Focal passage: 2 Peter 1:12-21
This year’s presidential election cycle has been interesting. One of the most burdensome elements has been the nature of the debates. If you have paid any attention to these, one of the terms you have heard a lot is “fact-checking.”
Fact-checking is the practice of going back over the statements made by the candidates to check the “facts.” In many cases, the so-called “facts” shared simply don’t correspond with what truly was the case. On the one hand, perhaps the discrepancy simply illustrates the ignorance or forgetfulness of the candidate who has unintentionally misspoken. On the other hand, such discrepancies may reveal a candidate’s desire to mislead the people. Whatever the reason, the sharing of these “facts” casts doubt on the trustworthiness of the candidates.
One might wonder, “Is my candidate simply uninformed about an issue?” Or, “Is this just an effort to mislead me and the rest of the public?” Whatever the intent, the potential voters are left with an eroding sense of trust.

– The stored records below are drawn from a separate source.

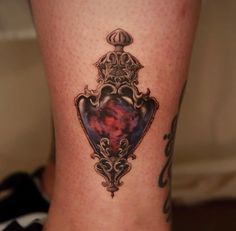 a woman's leg with a tattoo on it that has a heart in the center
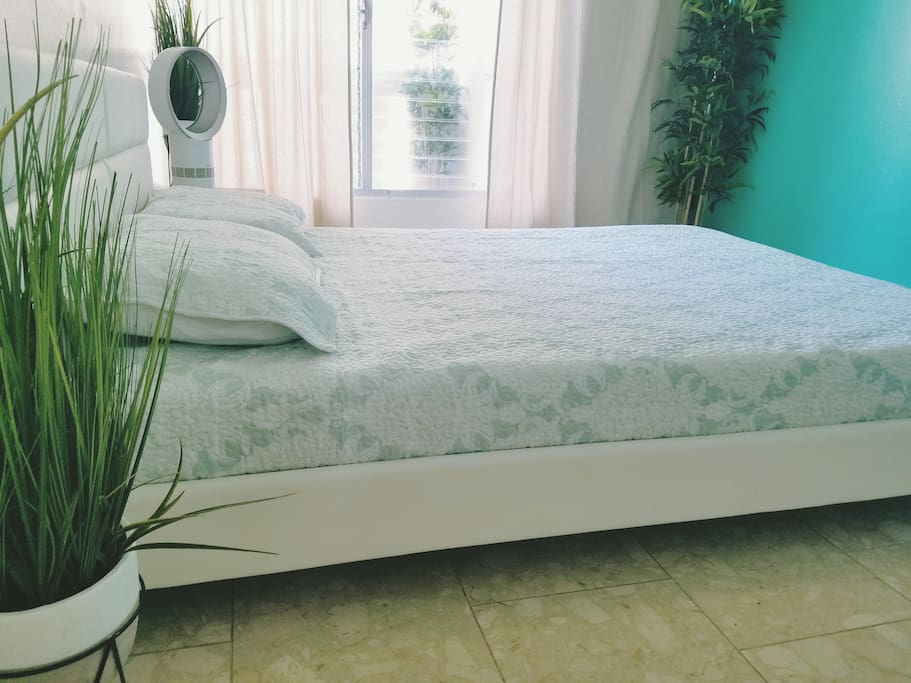 Queen sized bed with memory foam mattress and pillows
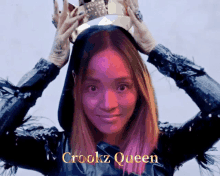 a woman with a crown on her head with the words crooks queen written below her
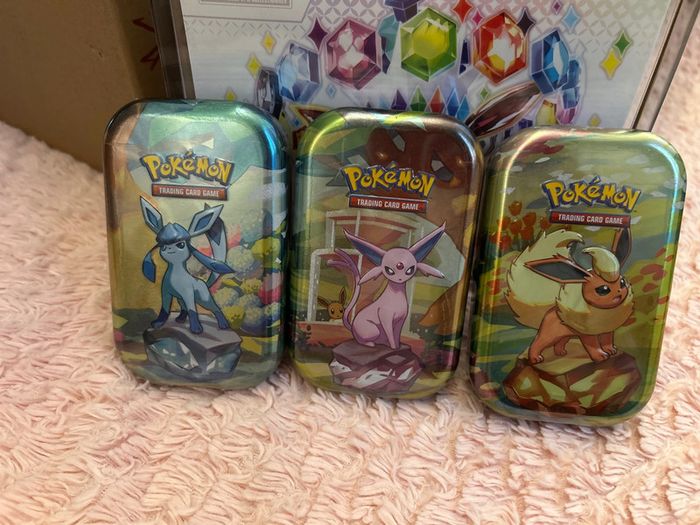 3 mini tin évolution prismatiques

Peter is writing to remind his readers that the written Word they have is a trustworthy Word. In fact, Peter is so confident in this Word of God that he is going to seek to keep it in front of the people as long as he has life and breath. His commitment is to remind them continuously of both the content and the veracity of God’s Word.
Part of the strength of Peter’s admonition is the fact that he could give eyewitness testimony to the life and ministry of the incarnate Word of God, Jesus Christ. Peter would further remind them that the written Word they had, the Old Testament, which pointed to Jesus, was reliable not simply because of the personal trustworthiness or intellectual acumen of the men who wrote, but because of the faithfulness of the Spirit of God who “bore them along” as they wrote.
God hasn’t forgotten anything. He hasn’t misspoken. He is not misleading us. The Word is God’s, and we can trust Him and His Word.